Simply creating a new Section
definition and putting pages inside it causes them to be included in the site, and in that section of the docs.
The format is designed to make it easy to move files around, redefine sections, sites, etc. Just running the workflow again will create the new site structure.
To run the workflow:
- Click on the
Actions
tab at the top of the DELPH-IN docs repository on GitHub. - Then click
BuildDocs
on the left side of the page. At this point you'll see a record of previous runs (if they weren't deleted) - Finally, click the
Run Workflow
button the right side and thenRun Workflow
on the UI that appears
At this point the workflow will begin running and you'll see its status. When done, it will have a green checkmark for success or a red X for failure. If it was successful the docs have been immediately published and you can browse them live. It takes about 10 minutes to run.

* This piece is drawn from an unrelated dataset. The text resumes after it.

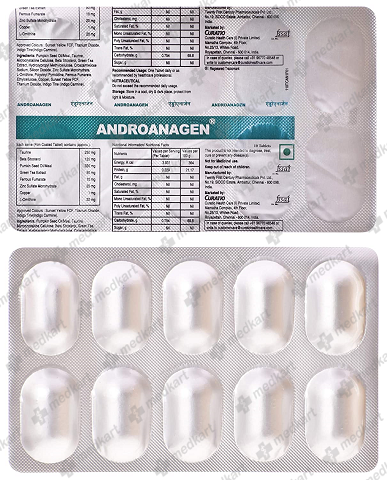 androanagen-tablet-10s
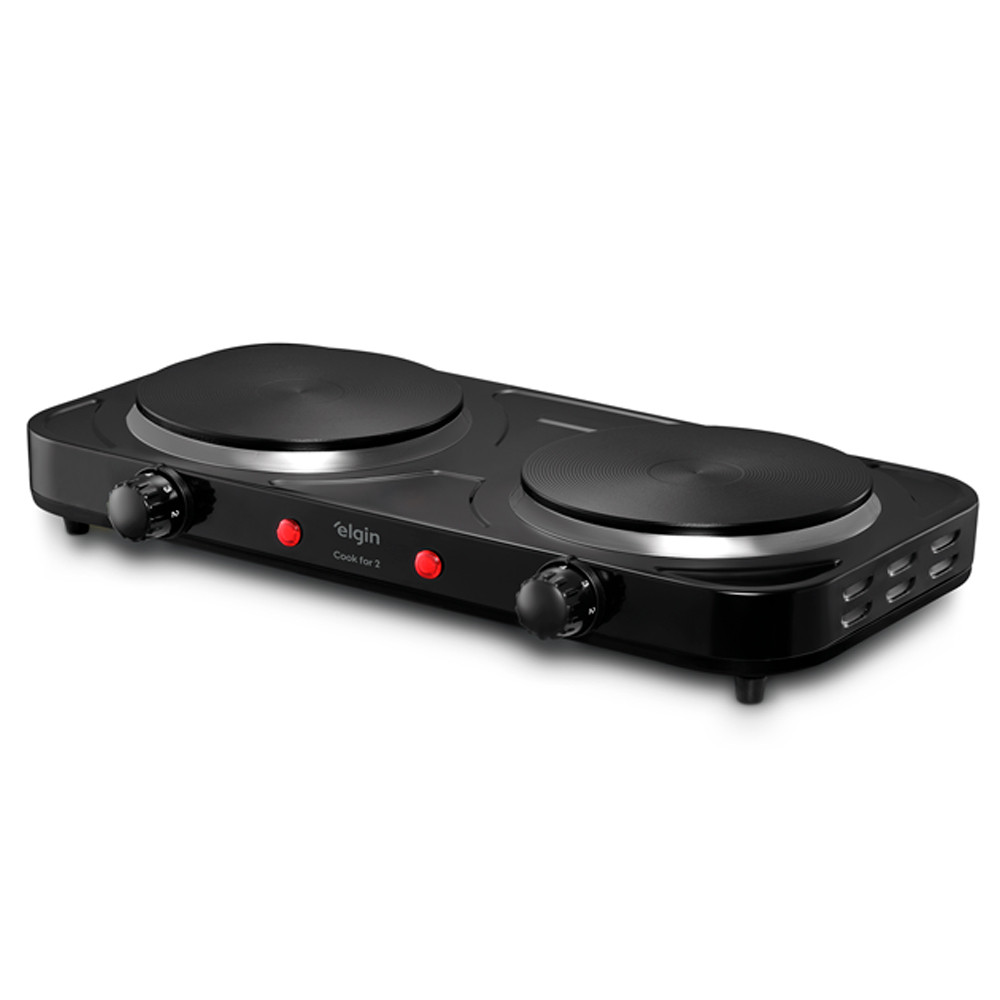 Fogão Eletrico Elgin 2000w 220v Fg02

You can also click on the row that represents the run you just did and you'll see an "Artifacts" section at the bottom. This gives you files that get output by the run:
All Links
: A Json file that lists every link in every document included in every site and whether they are broken, valid, etc. Useful for debugging. If you chose to check external links (which takes about 1.5 hours) the validity of those will be included. Otherwise only internal links between wiki pages are checked.All Pages
: Lists every page in every site.Fixes for Broken Links to Pages
: Creates page definitions suitable for including insitesdefinition.json
for every broken link and for every page that was not included from a site that hadReportUnusedWikiEntries
set to true (this allows detecting pages that weren't linked to and not included). Note that this includes adding entries for wiki pages that don't exist (those will have theFileMissing
field set in their definition). This allows you to simply copy theFile
definition to thesitesdefinition.json
file to include it and fix the broken link. It includes the transitive closure of all broken links (i.e. the links from those files to other files that aren't included, and so on). If you included all of these files insitesdefinition.json
, there would be no broken (Wiki) links!
Note that a file that was linked to but didn't exist will have a definition in
Fixes for Broken Links to Pages
as well, but will include a"FileMissing": True
field. Obviously don't add this to the site without also creating the file that was missing!

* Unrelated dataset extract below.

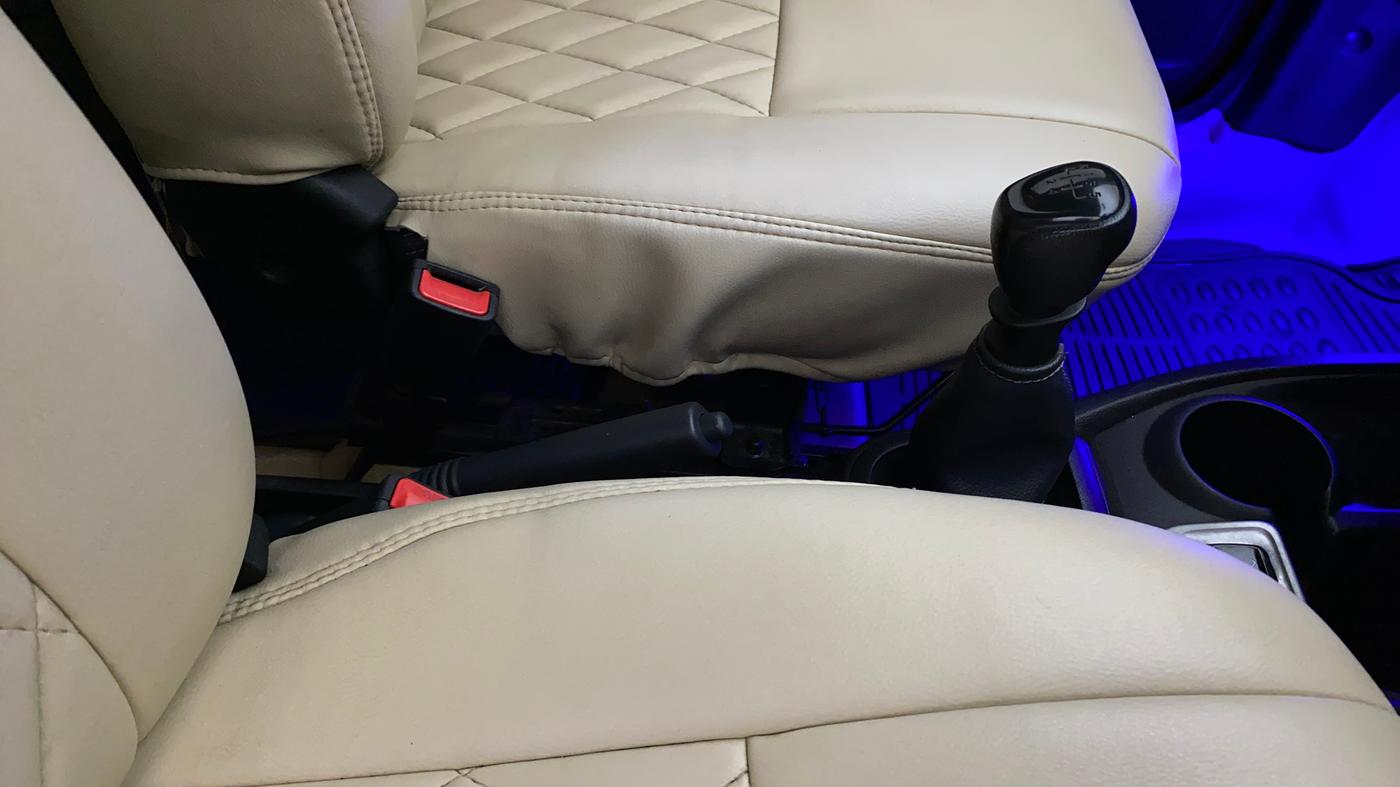 2019 Datsun Redi Go S 1.0, Petrol, Manual, 62,907 km, Gear Lever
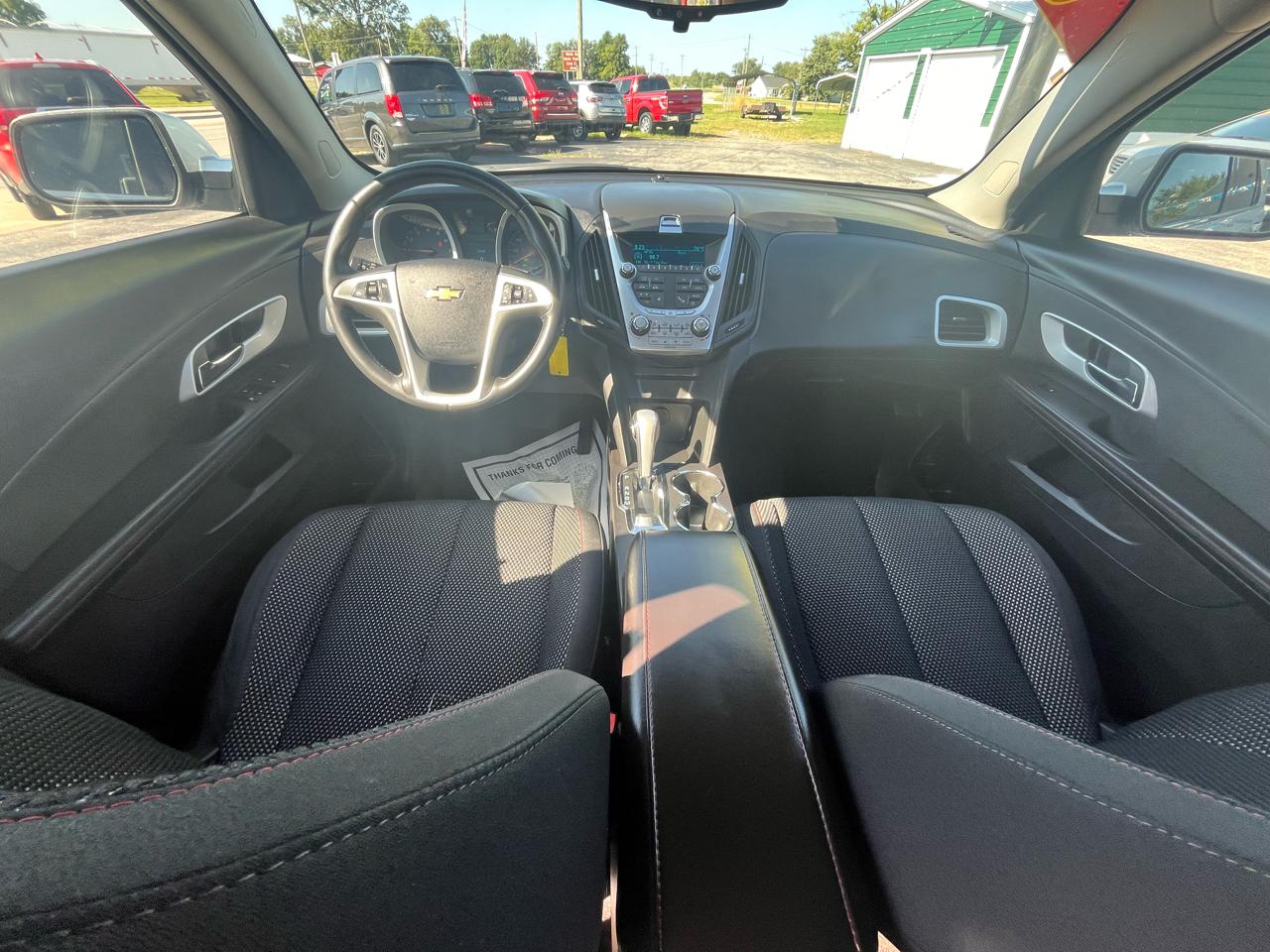 Chevrolet Equinox LT1 FWD 2010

If it failed, click on the row that represents the run you just did and you'll see an error file. If you open this file, all of the errors encountered will be listed. Fix those and rerun the workflow. In rare cases, you might need to click on the run, and then on the box that represents the "build" part of the workflow. That will expand all the details of the run and show you why it failed. The biggest source of failure is not formatting the JSON file correctly.
Note that any section named <todo>
that is included in the docs will not be included in the output. However, any pages in it will be counted as "valid" when linked to, even if they don't exist in the site. This is a mechanism for removing them from being added to the "Fixes for Broken Links to Wiki Pages" output file that the build generates.